Kite Games Studio (KGS), founded in 2014, is a leading mobile application development firm in Bangladesh. Based in Mohakhali DOHS, Dhaka, KGS specializes in developing software for both iOS and Android platforms, along with building websites. The company is known for its emphasis on competitive programming skills, making it an excellent choice for talented competitive programmers looking to join a dynamic and innovative team.

Interview Stages

  1. Online Contest: Candidates participate in an online programming contest that typically consists of 5-6 problems to be solved within 3-4 hours. The contest may be hosted on platforms like Toph, Hackerrank, or other online judges. Candidates are shortlisted for the next round based on their ranking in this contest.

  2. Technical Round: This round primarily focuses on coding problems and some basic Java concepts. The interviewers assess the candidate's problem-solving approach and how they think through the problems.

Technical Round Questions

A permutation P is good if P[i] % i == 0 or i % P[i] == 0 for 1 ≤ i ≤ N. Given N ≤ 20, count the number of good permutations.
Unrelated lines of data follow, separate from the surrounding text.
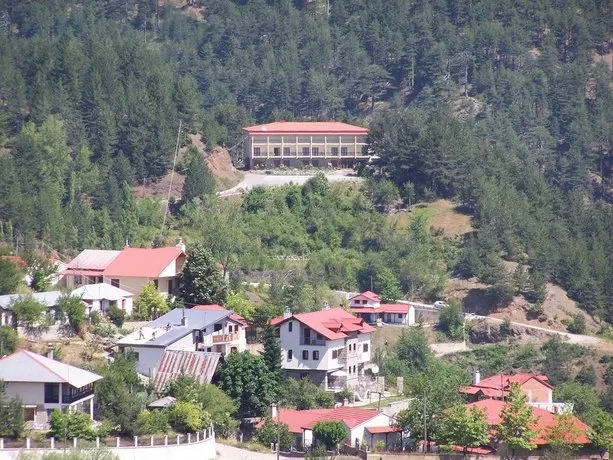 Valia Calda Hotel - Image 1
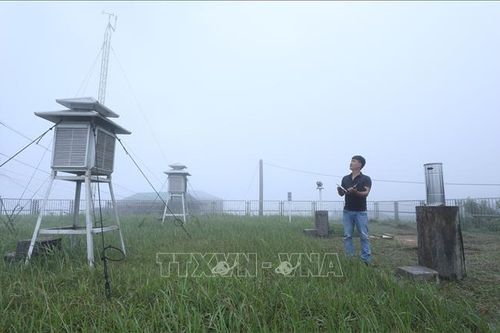 Xây dựng mô hình hệ thống quan trắc khí tượng thủy văn phù hợp tại Việt Nam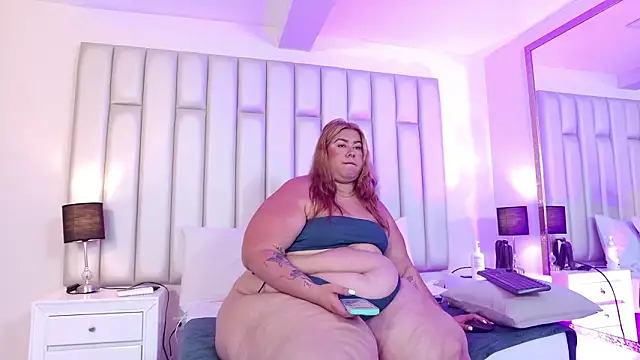 aandreaperez Adlı Modelin Canlı XXX Sohbeti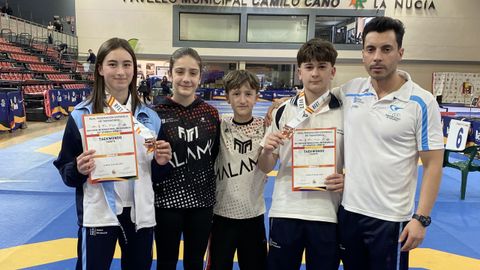 Keila, Bego�a, Roy, Mateo y Dani Torrado, en La Nuc�a.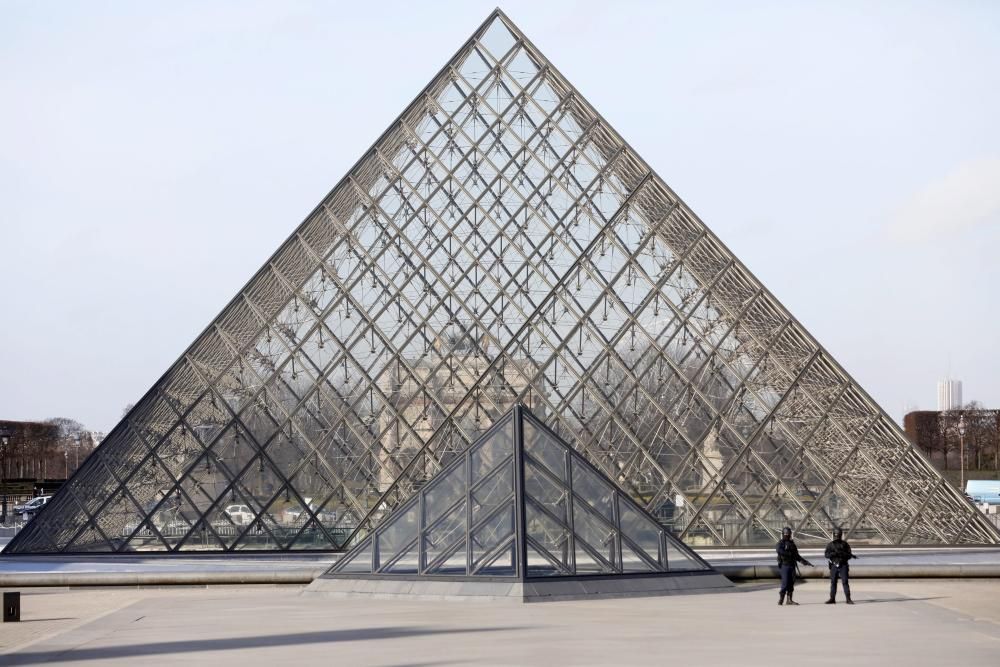 Atac a l'exterior del museu del Louvre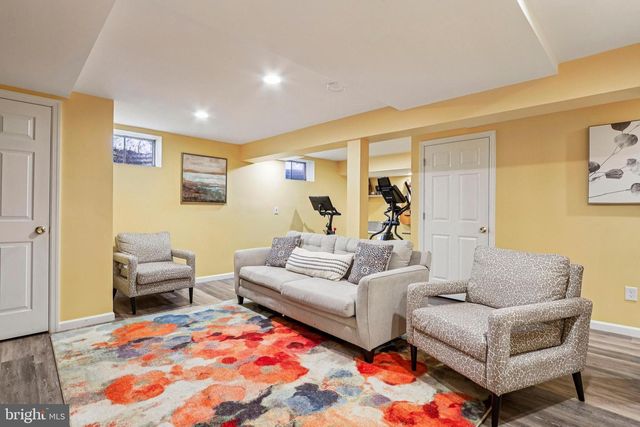 23 DOUGLASS DRIVE, Princeton, NJ 08540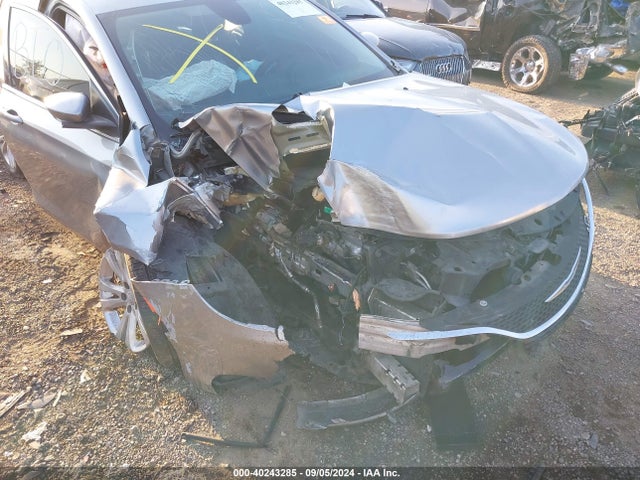 1C3CCCABXFN695450 Chrysler 200 Limited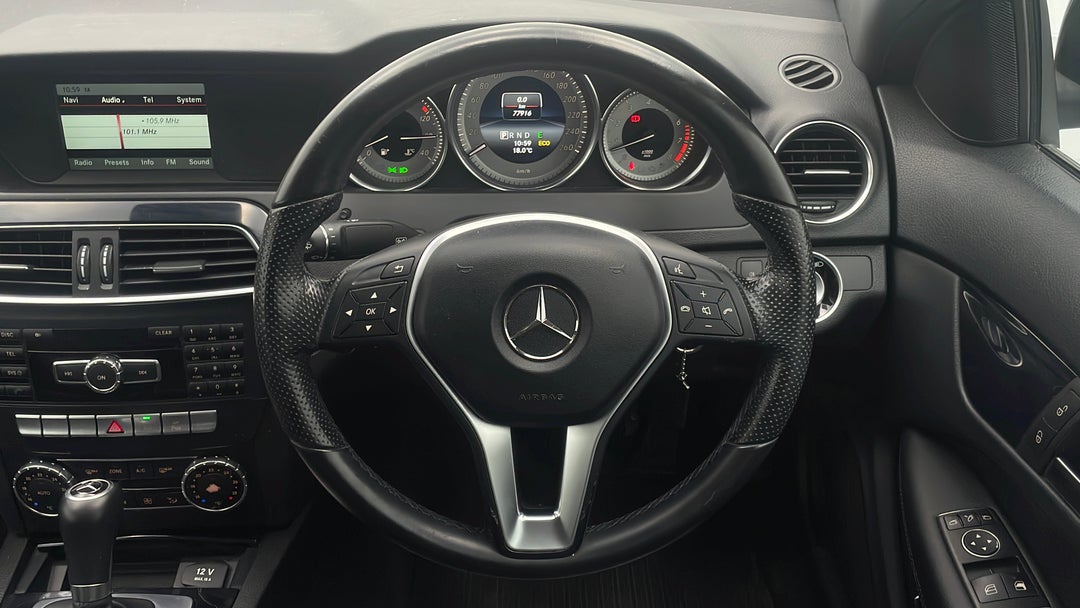 2015 Mercedes-benz C180 Avantgarde, Automatic, 77916 km, Steering Wheel Close-up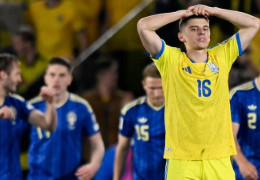 Збірна України ганебно програла Швеції і не вийшла на ЧС-2026 з футболу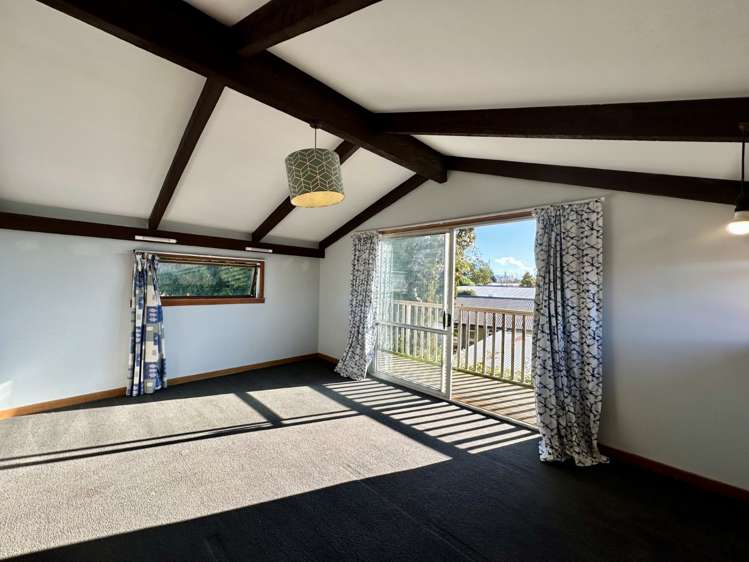 70 Alford Forest Road Allenton_11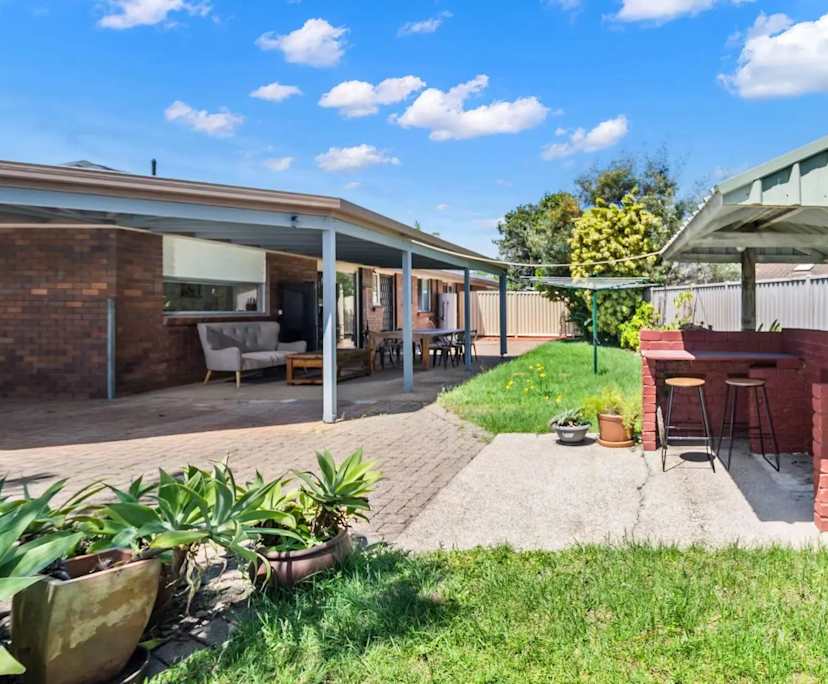 Whole property with 3 rooms for rent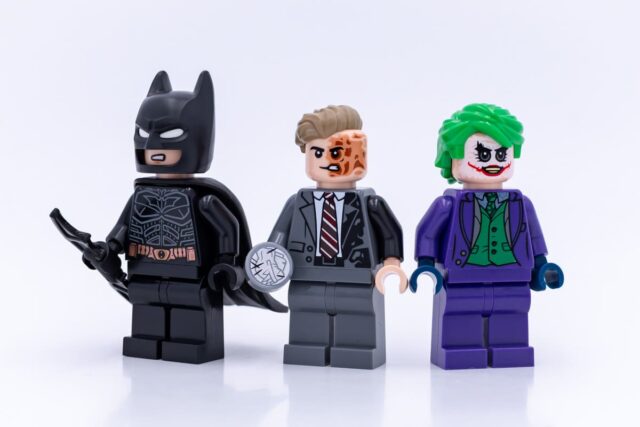 Review LEGO DC 76303 Batman Tumbler vs. Two-Face & The Joker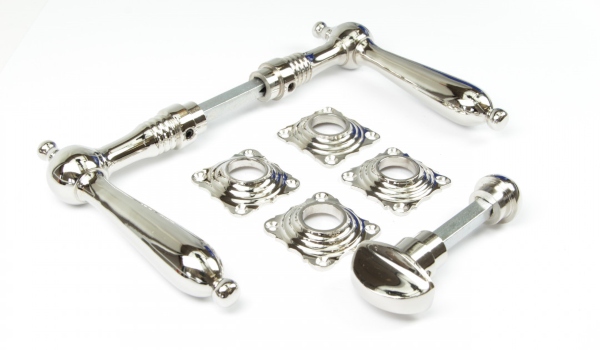 drueckerset-biedermeier-nickel-glanz-mit-rosetten-wc-verschluss-4829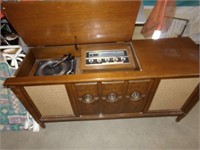 Sylvania stereo and cabinet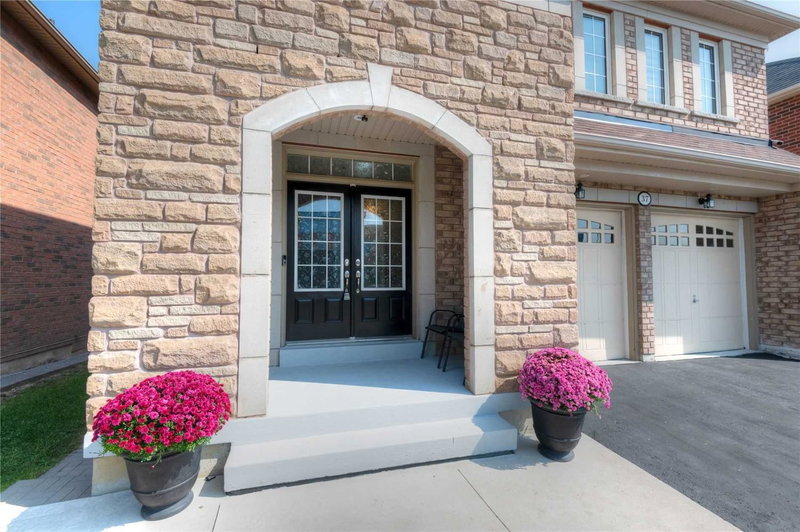 37 Ross Dr, Brampton, L6R3S7 | Image 2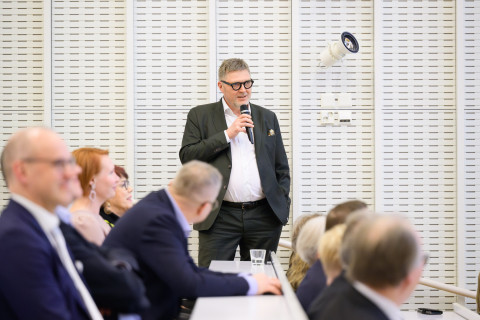 Jukka Mönkkösen mukaan monialaisuuden hyötyjä alettiin selkeämmin tavoitella yliopiston strategiassa vuosille 2015–2020. Strategiassa keskityttiin globaaleihin haasteisiin monitieteisesti, ylittäen tieteenala-, tiedekunta- ja kampusrajat.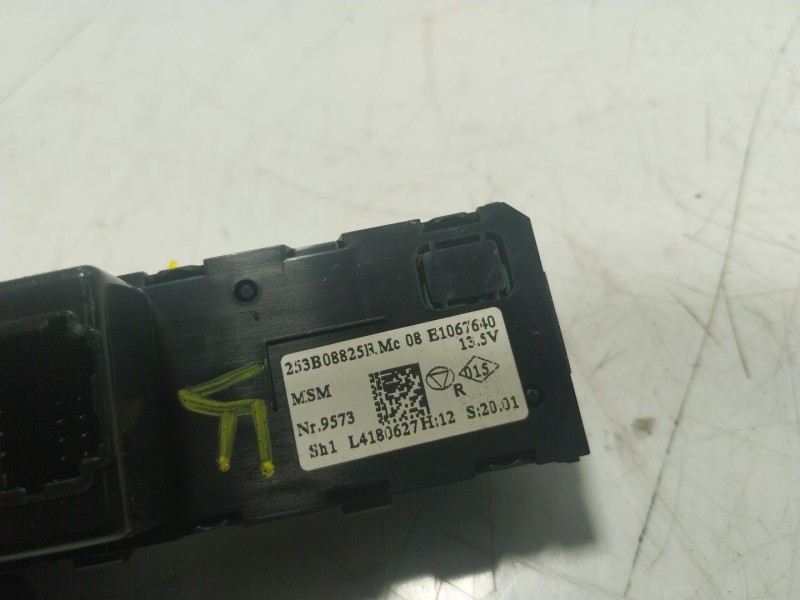 Recambio de mando radio para renault zoe referencia OEM IAM  253B08825R 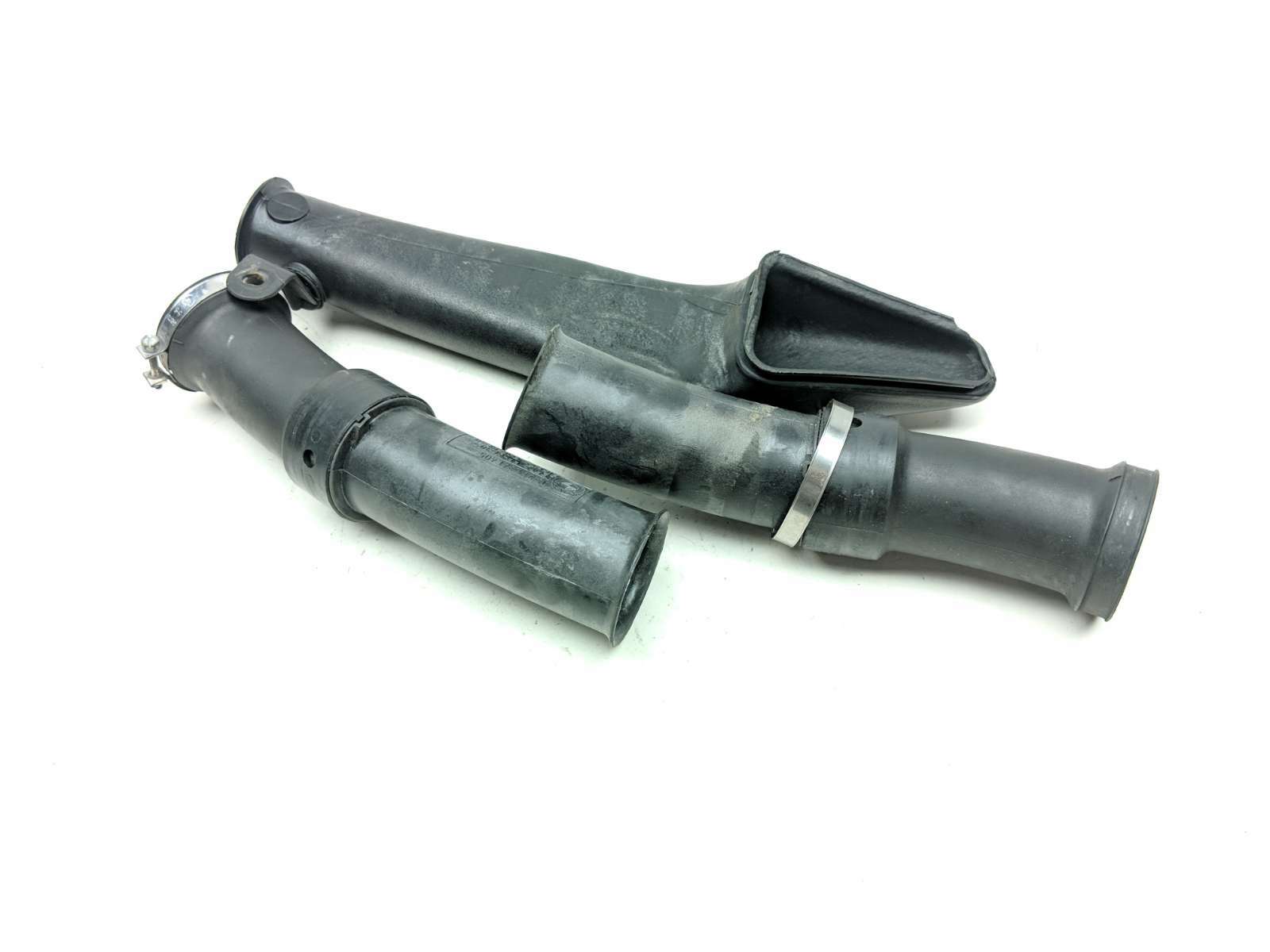 02 BMW R1150GS R1150 GS Air Intake Tube Ducts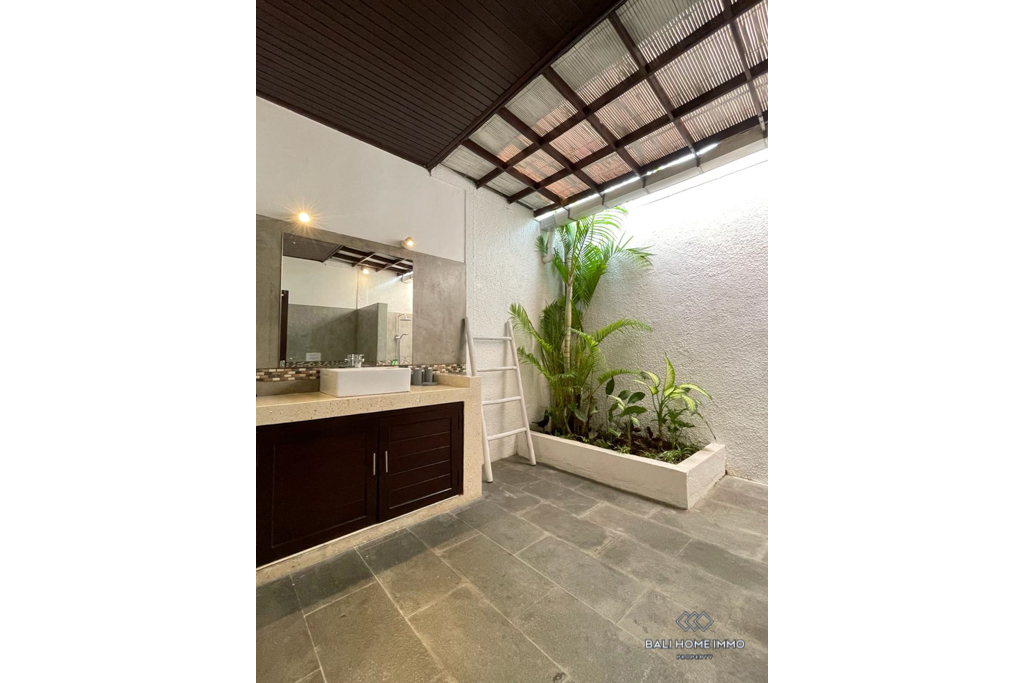 Stunning 3 Bedroom Villa for Monthly Rental in Bali Seminyak — image 17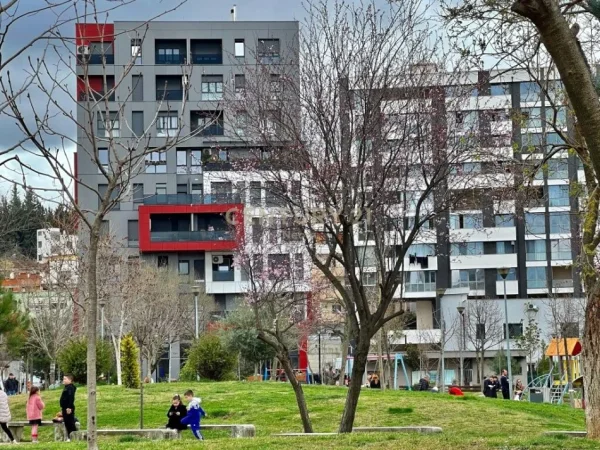 Tirane, jepet me qera apartament 2+1+Aneks+Ballkon Kati 7, 90 m² 850 € (ALI DEMI)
Solution: The final solution uses Bitmask DP to efficiently count the number of good permutations that satisfy the given condition.

cpp
#include <iostream>
#include <vector>

using namespace std;

int N; // Global variable for the size of the permutation
vector<int> dp; // DP array to store results of subproblems

// Recursive function to count the number of good permutations using Bitmask DP
int solve(int mask) {
    if (mask == (1 << N) - 1) return 1; // Base case: all elements are placed
    if (dp[mask] != -1) return dp[mask]; // Return already computed result

    int pos = __builtin_popcount(mask) + 1; // Position to place the next element (1-based)
    dp[mask] = 0; // Initialize current DP state

    for (int i = 0; i < N; i++) {
        // Check if the i-th element is not used and it satisfies the condition
        if (!(mask & (1 << i)) && (pos % (i + 1) == 0 || (i + 1) % pos == 0)) {
            dp[mask] += solve(mask | (1 << i)); // Recur with updated mask
        }
    }
    return dp[mask];
}

int main() {
    cout << "Enter the value of N (N <= 20): ";
    cin >> N;

    dp.assign(1 << N, -1); // Initialize DP array with -1 for all masks
    int result = solve(0); // Start with an empty mask
    cout << "Number of good permutations for N = " << N << " is: " << result << endl;

    return 0;
}
Design a data structure to add integers and remove the most frequent element, with ties broken by recency.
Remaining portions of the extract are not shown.